# Netgear DGN3500 - How can I get a VPN working?



## Splinter

Hi Guys.

I purchased a Netgear DGN3500 not so long back, but now am slightly regretting this purchase. I need to setup a VPN connection so that my IP can originate from the US. I wish to sign up to a VPN service such as HideMyAss or similar. I understand that this router does not allow VPN connection.. But is there a way to perhaps install a custom firmware allowing for a connection to a VPN service?
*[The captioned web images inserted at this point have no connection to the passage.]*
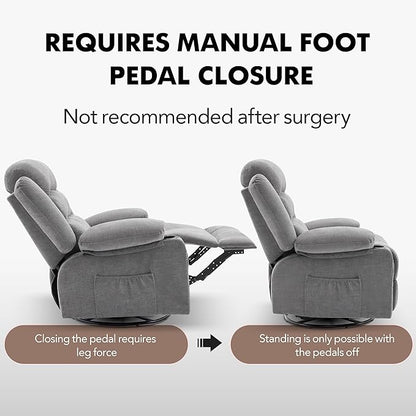 Oversized Recliner Chairs for Adults, 360° Swivel Rocking Recliner with Heat and Massage Lazy Boy Recliner,Recliner Chairs Single Sofa Seat with Cup Holders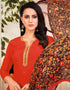 Red Chanderi Cotton Pant Salwar Kameez Closure View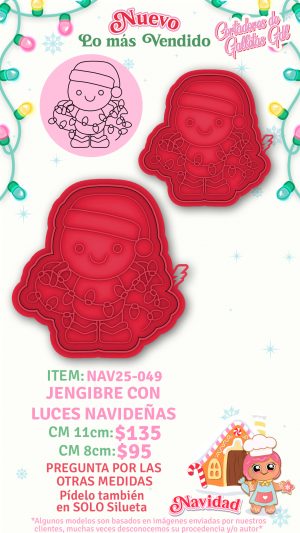 Jengibre con luces navideñas
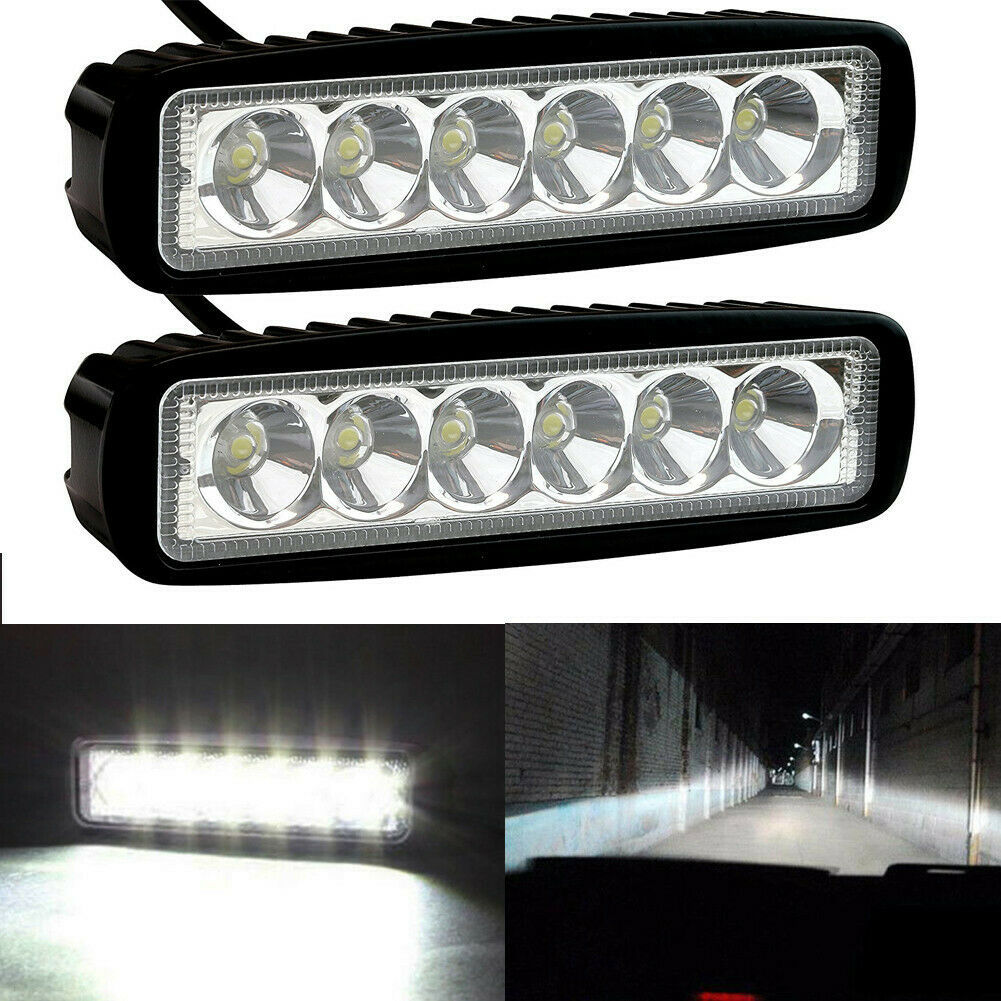 Luz de trabajo de automóvil 18W luces de trabajo todoterreno luces de techo luces auxiliares 6LED luz blanca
If not.. are their any recommended routers (with modem) that will work with such services?

Thanks.

edit: I've just solved my own problem. Managed to get Netflix working in the UK on an Apple TV2 without connecting to a VPN service. Chuffed. Thanks anyway.


----------



## GeorgeBell

I have what seems to be a similar setup, a DGN3500 Router on a Windows 2003 Server.  I had to replace a Cisco router which allowed me to VPN in from Home (using Windows 7 Ultimate there) without any problem.
In spite of so calling Netgear's "24/7 Technical Support", (not impressed) I'm still unable to access our network from home.  I've scoured the Internet, but can't find anything which exlpains exactly what or where I'm going wrong.
Does anyone have any ideas as to how things should be set up - which is written in plain, simple English, and doesn't constant say, "refer to your administrator"!


----------